While Holmgren’s done well operating with limited cap space, it also hampers him from bringing in the type of players (like a stud goaltender) which helps teams win championships.
Laviolette didn’t forget how to coach in the NHL. He’s done well everywhere he’s gone, including a championship with Carolina in 2006 and taking an underdog Flyers club to the Stanley Cup Final in 2010.
The problem was Holmgren failed to provide him with the right players to remain playoff contenders.
It’s now upon Holmgren to fix the Flyers if they fail to improve under new coach Craig Berube.

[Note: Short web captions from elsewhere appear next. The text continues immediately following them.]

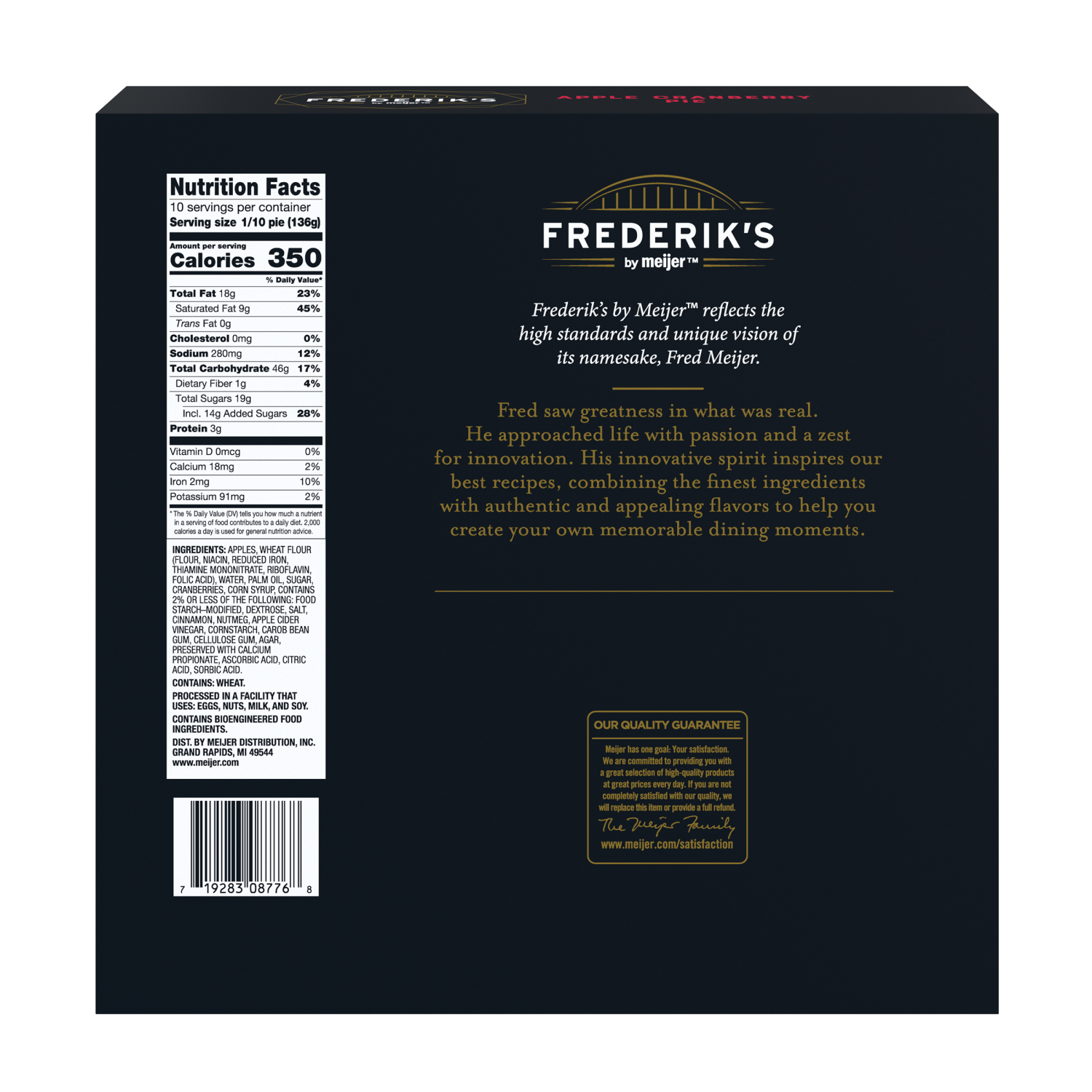 slide 2 of 7, Frederik's By Meijer Frederik's by Meijer 10" Apple Cranberry Twisted Lattice Pie, 48 oz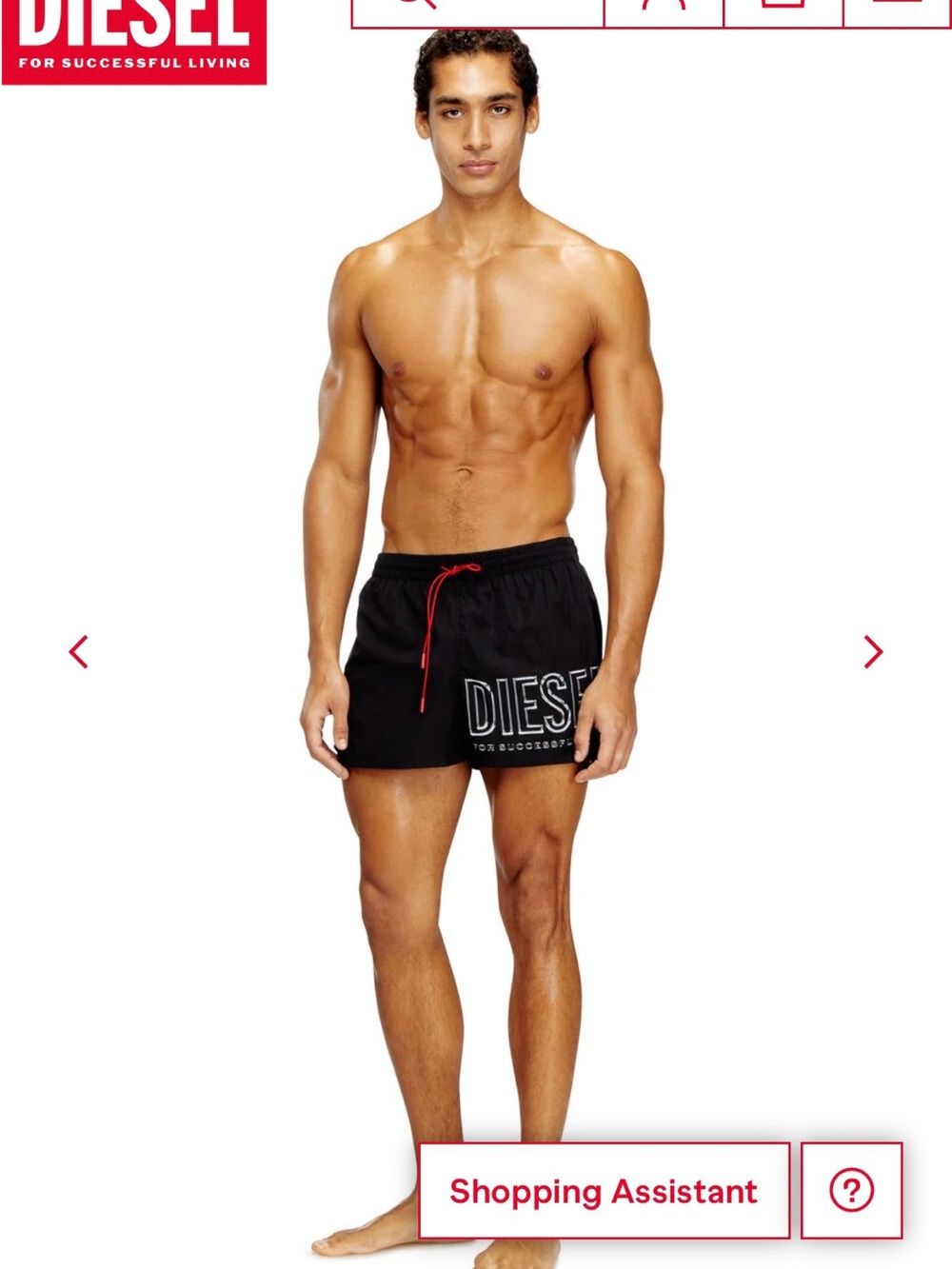 Diesel Black Swim Shorts with Red Drawstring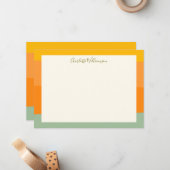 Kleurblok Rand Script Naam gepersonaliseerd plat Notitiekaartje (Voorkant / Achterkant in situ)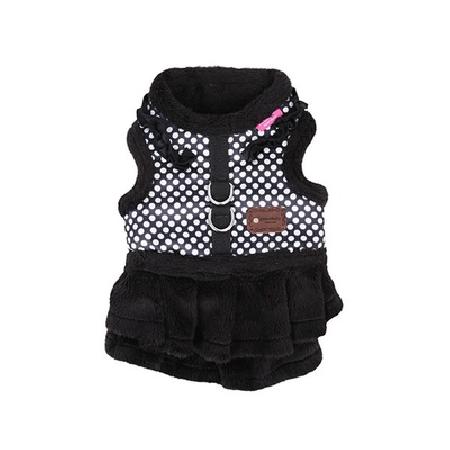 Pinkaholic ВИА Платье-шлейка из иск.меха с жилетом в горошек, черный, размер L (IMPERIAL FLIRT HARNESS/BLACK/L) NAOD-AH7093-BK-L, 0,15 кг, 13207.черн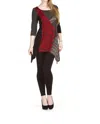 Papillon Textured Patch 3/4 Sleeve Top In Charcoal In Multi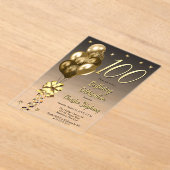 Elegante gouden ballonnen op zwarte 100 verjaardag acryl uitnodigingen (Laagn)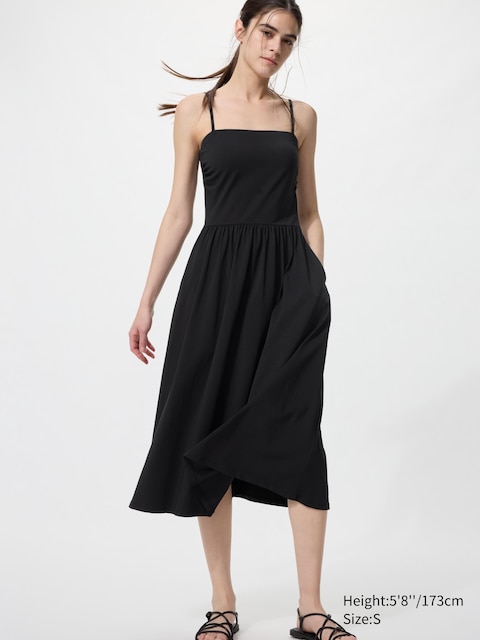 Uniqlo - Robe Caraco Airism À Brassière Intégrée - Noir - Xs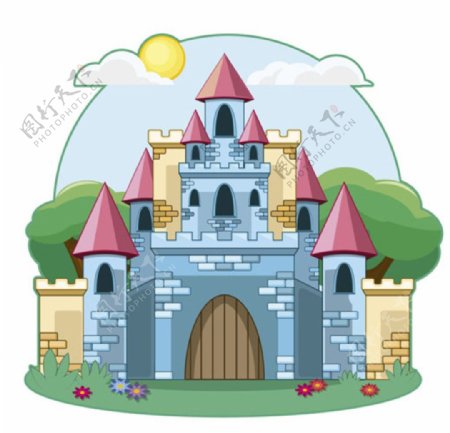卡通儿童节快乐城堡背景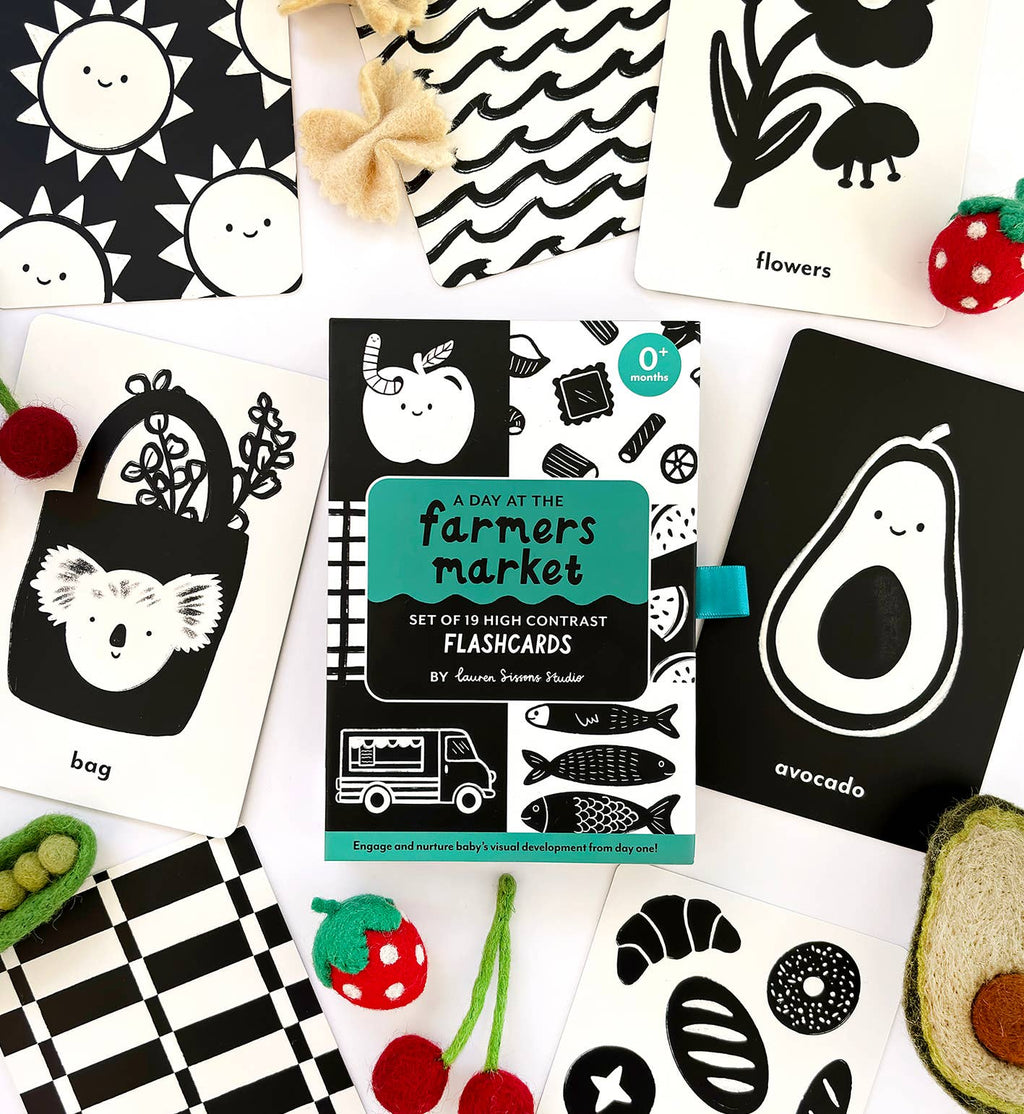 Set of high contrast flashcards with black and white illustrations on a white background.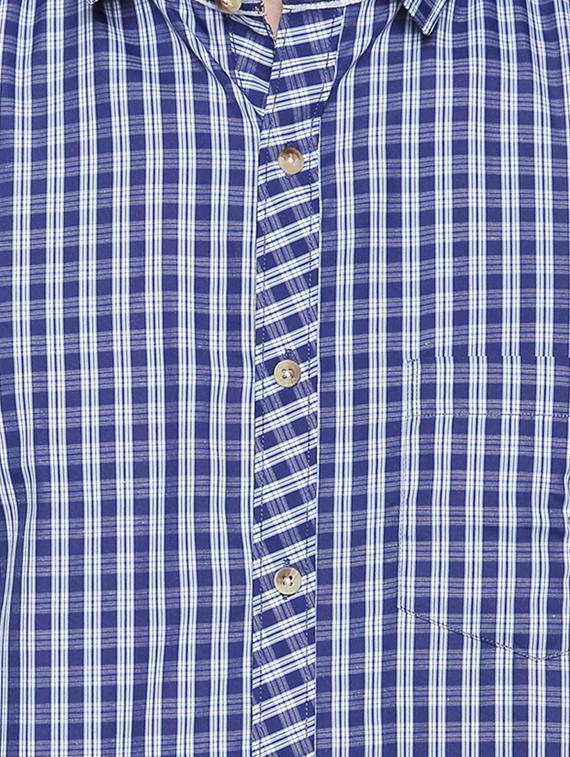 navy blue cotton blend casual shirt - 15505404 - Zoom Image - 4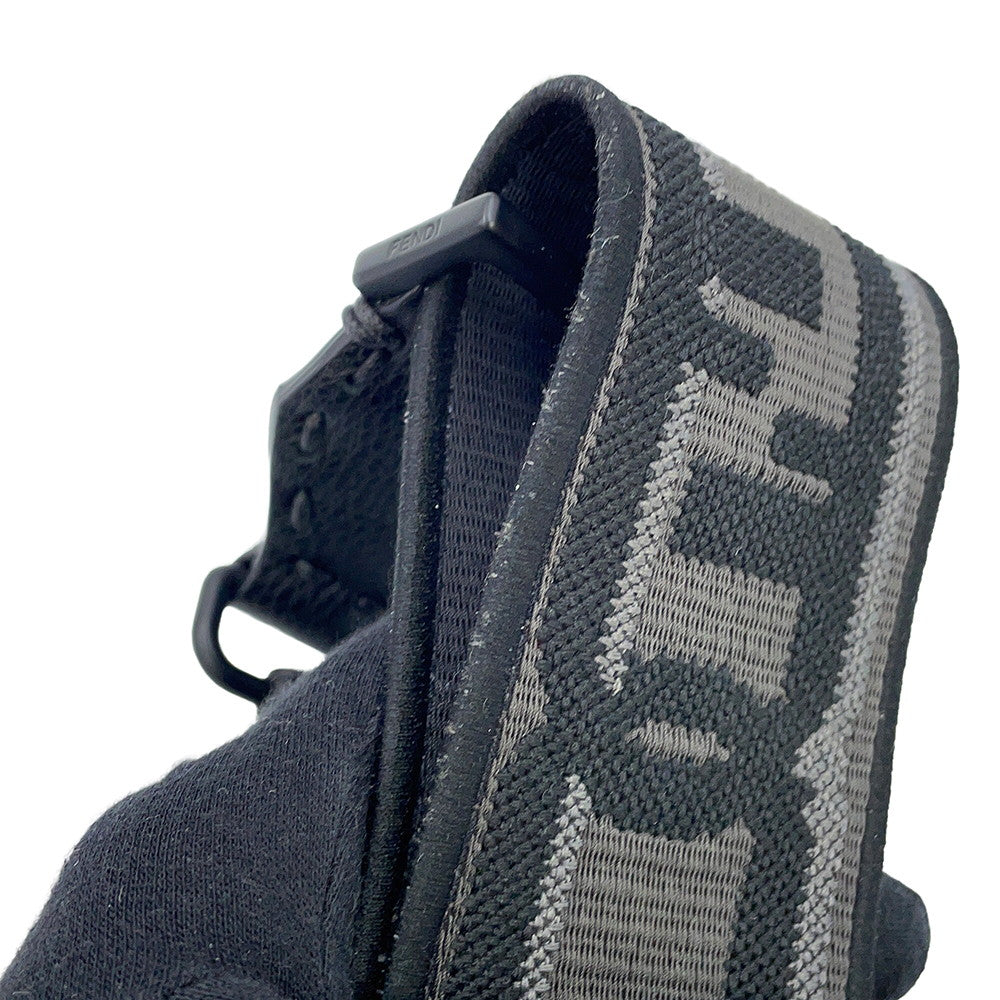 FENDI Strap You Black/Gray8AV444 Leather Canvas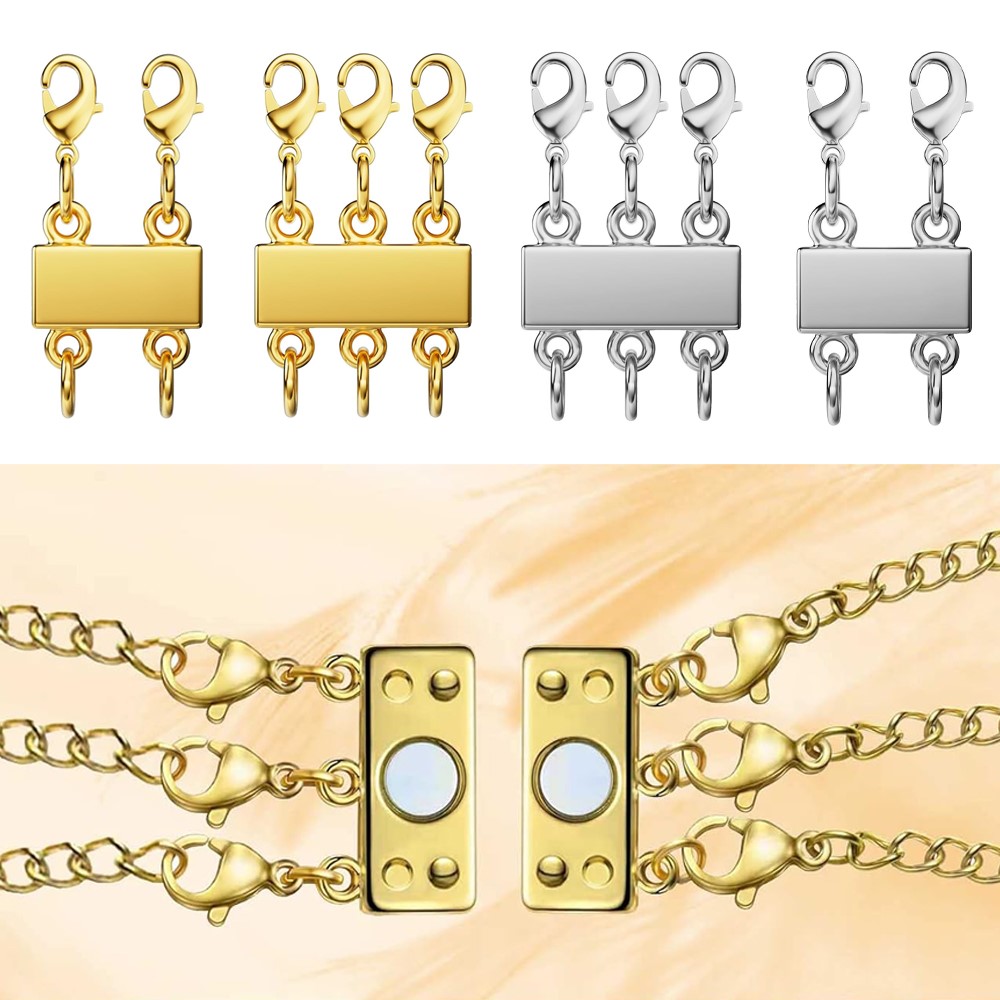 Fermoirs magnétiques pour collier de bain, connecteur d'extension de bijoux, séparateur pour superposition, bracelet multi-brins, bijoux exécutifs, 2 pièces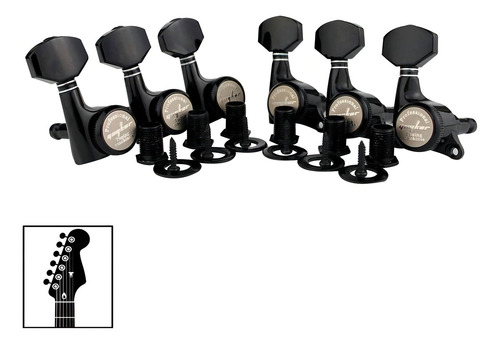 Kit De Tarraxas Com Trava Guyker 6 Em Linha Pretas P/ Destro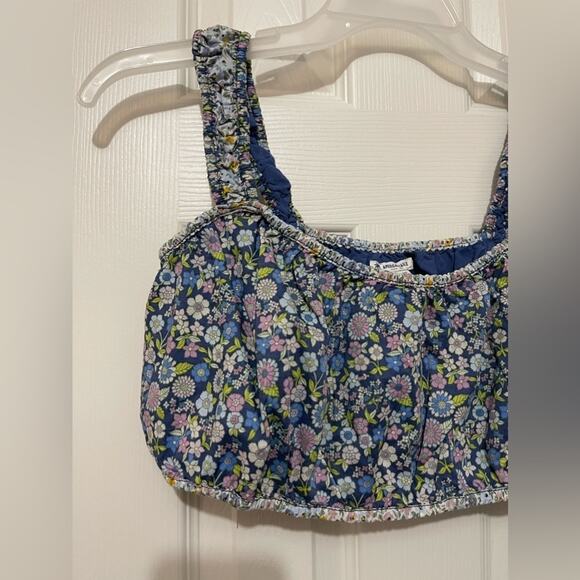 American Eagle Blue Floral Boho Pull on Crop Top size XL - Picture 2 of 5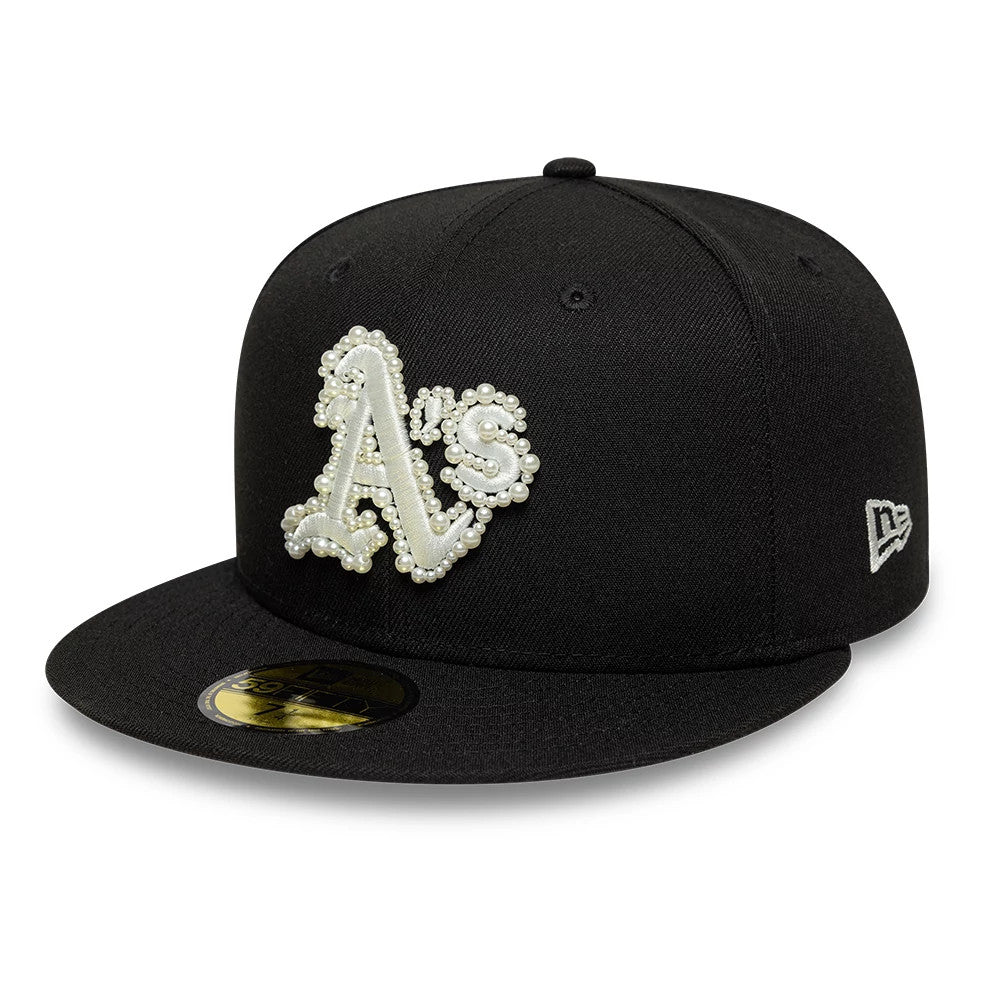 Pictured is this MLB Faux Pearl Athletics 59FIFTY Fitted cap in black. 1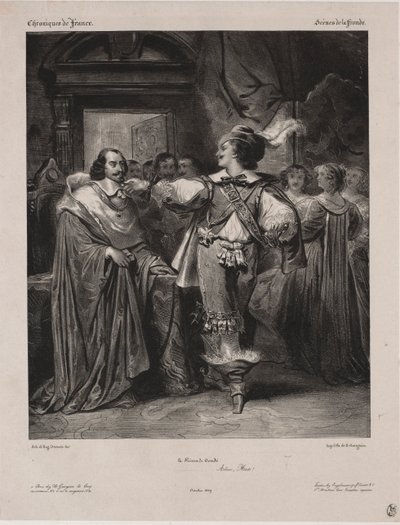 フランスのクロニクル：フロンドのシーン - コンデの王子、1829年。 作： Eugène François Marie Joseph Devéria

Given their tight cap space and the now-traditionally slow trade period during the first half of the season, this could prove the biggest test of Holmgren’s management career.
I still maintain my doubts over the Colorado Avalanche’s defense being strong enough to help them reach the playoffs this season, but I cannot deny their improvement in their early season games under new coach Patrick Roy.
The Avs won their opening three games over Anaheim, Nashville and Toronto, scoring 15 goals over the course of those three games, allowing only three, sitting 15th overall in shots-against following their third game.
There’s still a long way to go in this season, and I’m still not convinced a defense corps where Erik Johnson, Jan Hejda and Cory Sarich are your most experienced blueliners can maintain that pace.
Still, Roy’s done a good job getting his team to work harder defensively, which in turn means less work for their goaltending.
If the Avs make playoffs without significantly improving their blueline depth this season, Roy will be my candidate for coach of the year.
When Tomas Vokoun was sidelined three-six months recovering from blood clot surgery, it was widely expected the Pittsburgh Penguins would be forced to shop for a veteran backup.
After all, starter Marc-Andre Fleury struggled in pre-season play, heightening concerns over his confidence and performance, which had eroded the past two seasons.
Fleury quickly silenced those concerns with strong performances in wins against Carolina, Buffalo and New Jersey, the latter a 3-0 shutout victory.
His naysayers will dismiss this by saying he’s yet to face serious competition, but for a goalie said to be having confidence issues, this is the kind of start the Penguins were hoping for.